My Mom would say that the MDL Panel's eyes were bigger than its stomach in attempting to consolidate all of these cases in one Court, meaning that the vision was admirable but impractical.

Judge Gergel has done a heroic job of moving at least some of the hundreds of cases that landed on his docket forward, including presiding over two settlements totaling over $13 billion between 3M and the entitles allegedly responsible for the liability of what was DuPont, on the one hand, and PFAS-contaminated public water supplies from coast to coast on the other.

But Lara Beaven of Inside PFAS Policy reports that Judge Gergel is becoming much more forthcoming about the pressure that the AFFF MDL is putting on him and counsel for the Defendants.

No matter how much tailoring is accomplished by motion practice, as the Department of Defense is attempting, and no matter how many bellwether trials are scheduled in the hope of promoting further settlements, the simple fact is that the PFAS liability abyss is too vast to be addressed in any one courtroom, or perhaps any number of courtrooms. It certainly seems to be the case that Judge Gergel is having trouble seeing the light on the other end.

Given all of this, one has to think, as Judge Gergel mused at a hearing respecting the public water supply settlements, that some number of bankruptcy proceedings are going to be the end of many of the AFFF claims pending before Judge Gergel and in other courts.

Given the immenseness of the PFAS liability abyss, the Executive and Legislative Branches of our Federal Government could help by providing some structure to the removing of PFAS from our environment, and the allocation of the astronomical costs being incurred to do so. President Biden and Congress already allocated $10 billion for drinking water treatment in the Bipartisan Infrastructure Law but that was a drop in the bucket.
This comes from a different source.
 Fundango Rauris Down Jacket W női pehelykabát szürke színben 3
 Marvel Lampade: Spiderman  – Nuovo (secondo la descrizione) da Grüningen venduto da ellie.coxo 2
Meanwhile, while EPA struggles to implement its ambitious PFAS road map, PFAS continue to be released into our environment every day.

What EPA and several states and Judge Gergel have done to address the forever and everywhere chemicals known as PFAS in just a few years is nothing less than extraordinary. Unfortunately, there is much more to be done and, as seen in Judge Gergel's courtroom on Friday, some of the leading characters in this drama are starting to feel the pressure.